Abstract: When analyzing environmental problems, it is useful to apply the following simple equation for the environmental impact ‘I’, here representing energy consumption: I = P·A·T, With ‘P’ representing population, ‘A’ affluence per capita, and ‘T’ resource intensity, i.e. energy per affluence ‘A’. All three factors are in the equation coupled to ‘I’, and in general we should avoid using the misleading terminology of decoupling energy consumption from the economy, represented by ‘P·A’. So far essentially all policies towards lowering ‘I’ has been devoted towards technical increase in energy efficiency, i.e., lowering ‘T’. This relief, however, tends to rebound by increasing both ‘P’ and ‘A’, which pull ‘I’ upwards.
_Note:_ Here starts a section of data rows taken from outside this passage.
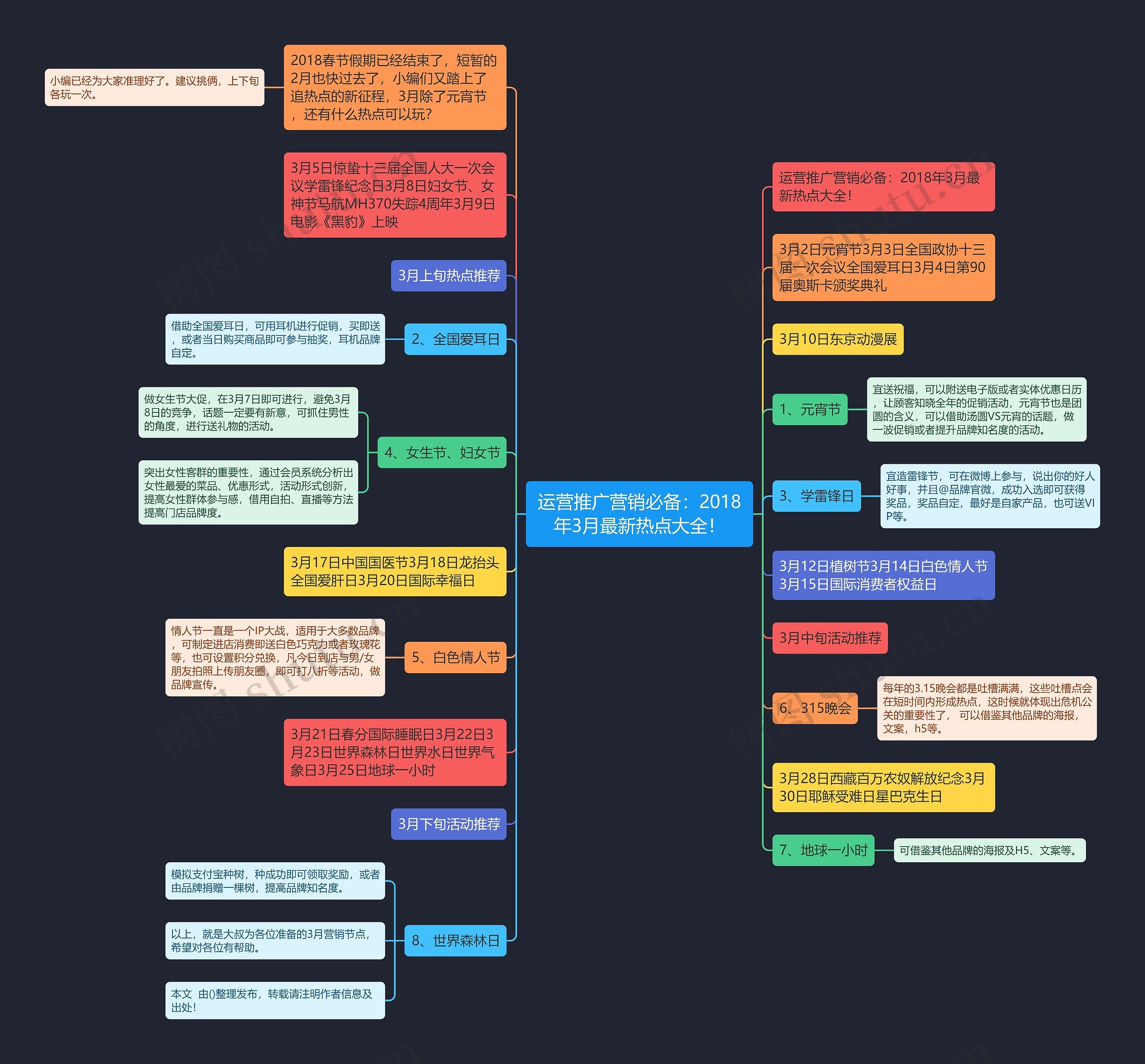 运营推广营销必备：2018年3月最新热点大全！思维导图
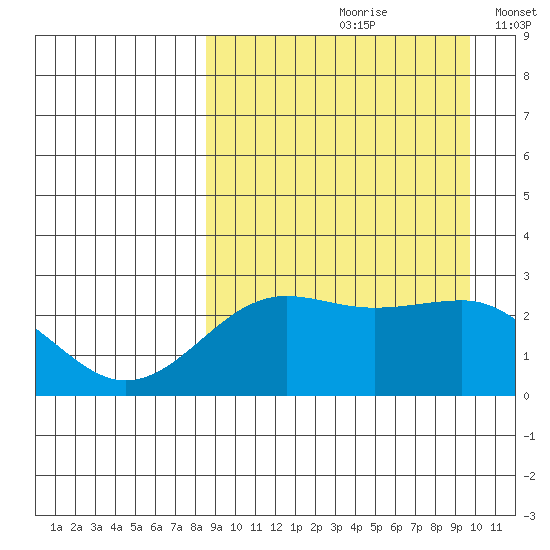 Otter Point tide chart for Sunday, September 8, 2024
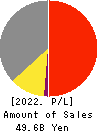 Fuso Pharmaceutical Industries, Ltd. Profit and Loss Account 2022年3月期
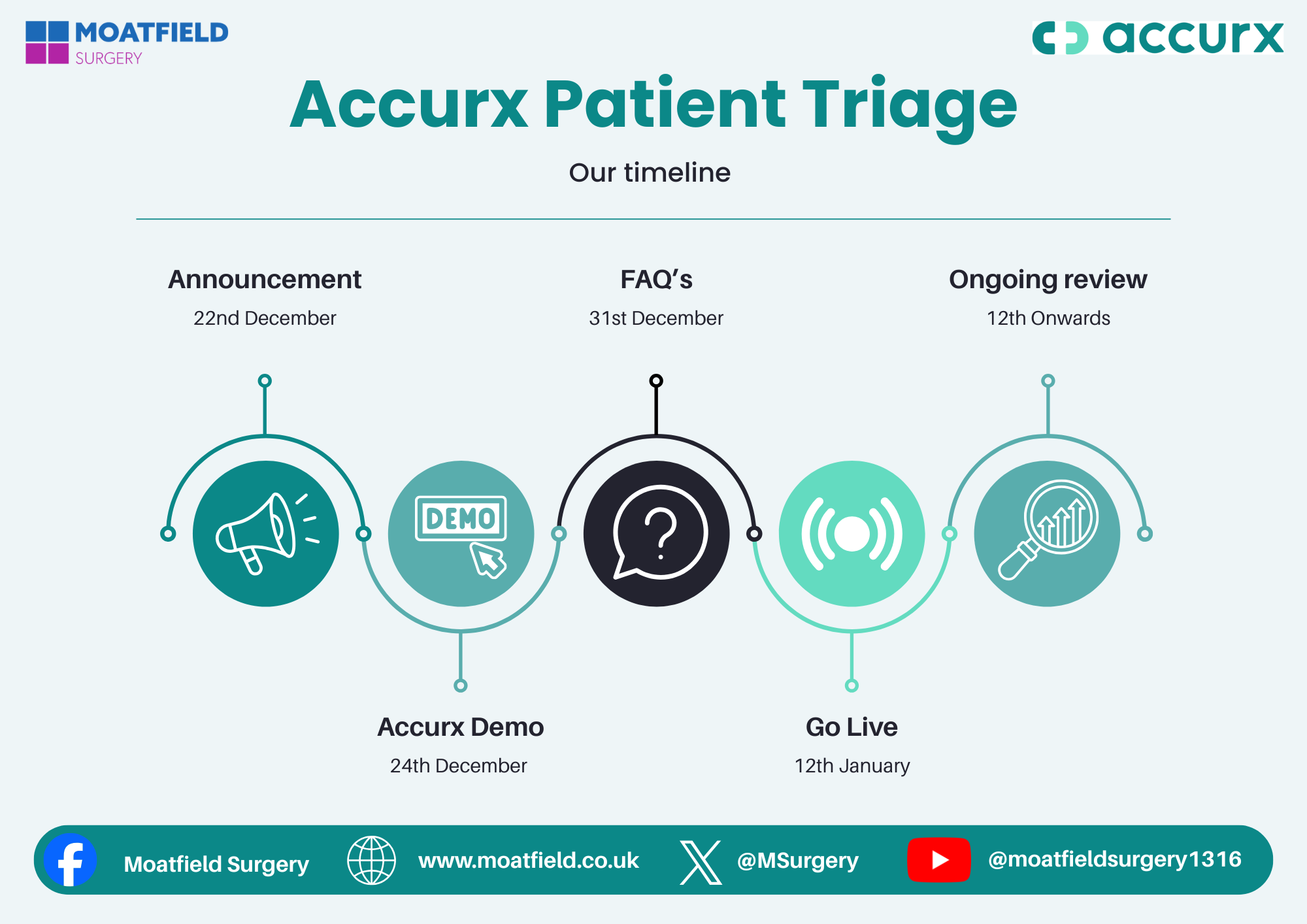 green timeline of our plans. This is described in full on the page.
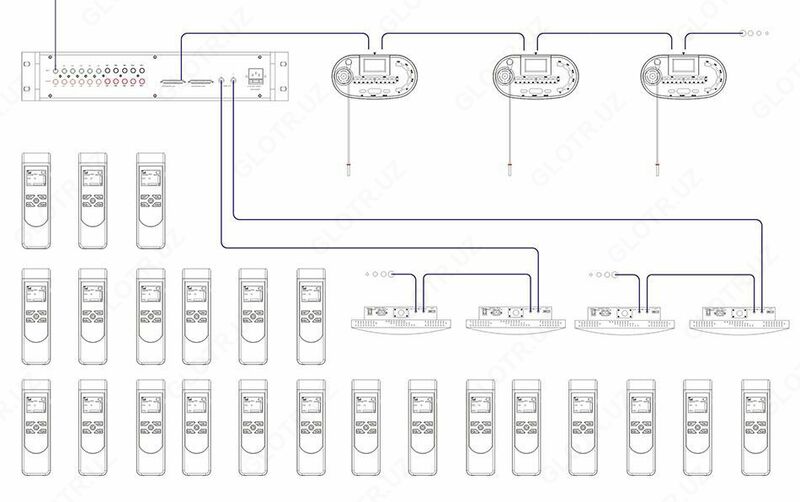 Блок синхроперевода AGILE BLS-8206M (12 каналов) - 18 000 000 сум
In a future degrowth economy, aiming at reducing ‘I’ significantly focusing only on ‘T’ will not suffice. We must also reduce, or at least limit, ‘P’ and ‘A’, including their rebound from the ‘I’ decrease. The paper suggest this to be achievable in affluent countries, by allowing declining ‘P’ through low birth rates, and allowing ‘A’ to decline by lowering labor input into the economy, for instance in exchange for more satisfactory work conditions, etc. Both measures are in line with some trends in public preferences in Western Europe.
Keywords: Decoupling, Rebound effect, Labor input, Work time, IPAT.
Narrative Step: The current financial and environmental crises call for an open view on the measures available for approaching a degrowth economy, including lower production, work sharing, low birth rates, and more equity nationally as well as globally. Financial policies must adapt to these developments, allowing for degrowth ‘without tears’.
This media entry was a contribution to the special session “Rebound Effect I: Energy, efficiency, and growth” at the 4th International Degrowth Conference in Leipzig in 2014.